Clinton on the other hand... man, I really think she should have had some major consequences.

It's good to see someone more or less on the other side willing to admit it. The problem remains that there were not, in fact, major consequences, that the way she escaped those consequences drastically reduced trust in the system as a whole, and that similar failures have multiplied over the last few decades. At this point, it's hard to see why we shouldn't simply continue to heighten the contradictions.

One of the major reasons I've supported Trump, from the start, is that I hate how establishment politicians are above the law. I am entirely willing to see Trump mulched by the justice system, but I see no reason why I or any other Red Triber should support this process in any way. Let the Establishment fight uphill for the rule of law they have consistently undermined and evaded. If they fail, then at least my champions will enjoy the benefits they have heretofore kept for themselves. If they succeed, then we should ensure they do so at the cost of significant investment, making it that much harder for them to evade these new precedents in the future.
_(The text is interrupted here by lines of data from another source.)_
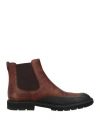 Tod's Man Ankle Boots Brown Size 10.5 Soft Leather, Textile Fibers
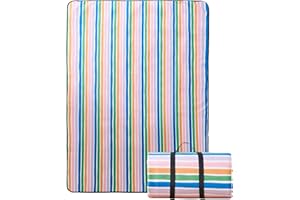 HYSEAS Picnic Outdoor Blanket, Waterproof Foldable 60"x79" with Carry Strap Blanket, 3-Layer Outdoor Picnic Mat for Beach, Camping, Grass Lawn Park, Ideal Couples Gift, Strips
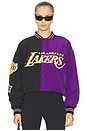 view 1 of 7 x REVOLVE Lakers Multi Logo Bomber in Black & Purple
I am willing to accept Trump going free. I am happy to accept Trump and most of the rest of Washington going to jail. I see no reason to accept Trump going to jail alone.

That's for sure some helpful perspective!

I really can't bring myself to join either party still. On the Democratic side, it really feels like they don't actually want my vote. As a small example, they've effectively purged all pro-life people from the party, and seem to have lost the tolerance for middle-grounders. Even though in my personal morals, I'm pro-life with only rape/murder/incest exceptions, as a matter of policy I like the three-trimester approach just fine due to the difficulty of finding universal moral agreement and practical considerations. But man, the way I've been treated like scum for saying such... or the condescension of some presumably well-meaning 'wokists', or the disdain for religion, or the holier-than-thou preaching, it's a lot.

Committing a fraud on the US? I’m not so sure (and SCOTUS has read fraud narrowly). With Fischer gutting most of that indictment I think Trump is innocent in that case. Of course he was innocent in NY and we saw what happened there.

The [Jack] Smith case I assume was being referred to is the Florida classified info case, which by all accounts appears to be pretty open and shut. You only really need the recording where Trump shows the classified doc to an author, acknowledges it's highly classified, and how he can't declassify it any longer. Boom, done. Like, if you had to come up with a recording that contained literally every single allegation all in a two minute span, and proved them all, it would be this recording. On top of the willful retention stuff, and the hiding evidence stuff, which is not as ironclad but likely still supremely provable.

I thought OP was referencing the Smith case in DC. I concur that Trump appears to be guilty in Florida but that is the one case where you honestly might get jury nullification given the treatment of other high profile politicians not being tried on similarish fact patterns.